**Source material:**

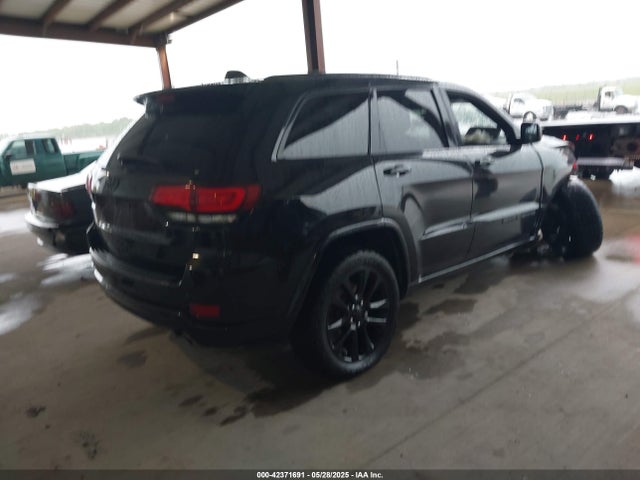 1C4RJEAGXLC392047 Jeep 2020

* * *

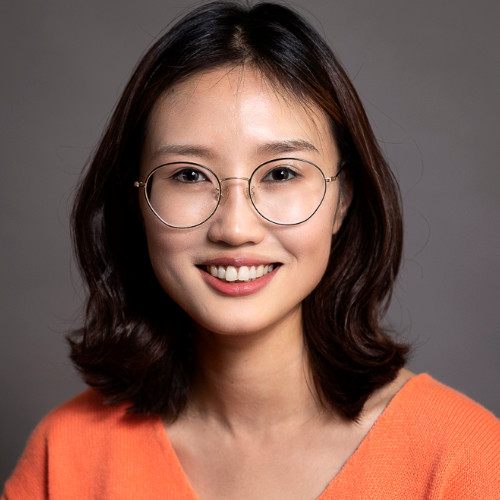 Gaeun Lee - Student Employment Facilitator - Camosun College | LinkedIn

==

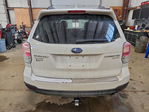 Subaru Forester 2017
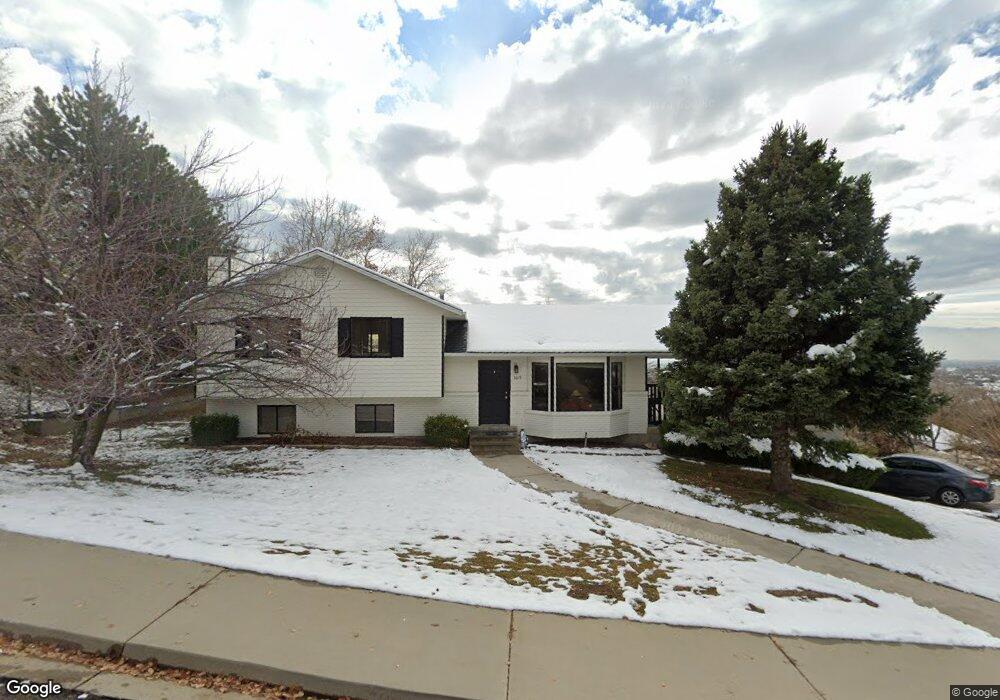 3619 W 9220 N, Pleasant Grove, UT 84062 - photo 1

**Assignment:**
Within the listing above, the lines from the one with "Subaru Forester 2017" through the one with "3619 W 9220" are to be given again word for word. Do not include pictures.

**Result of this exercise:**
 Subaru Forester 2017
 3619 W 9220 N, Pleasant Grove, UT 84062 - photo 1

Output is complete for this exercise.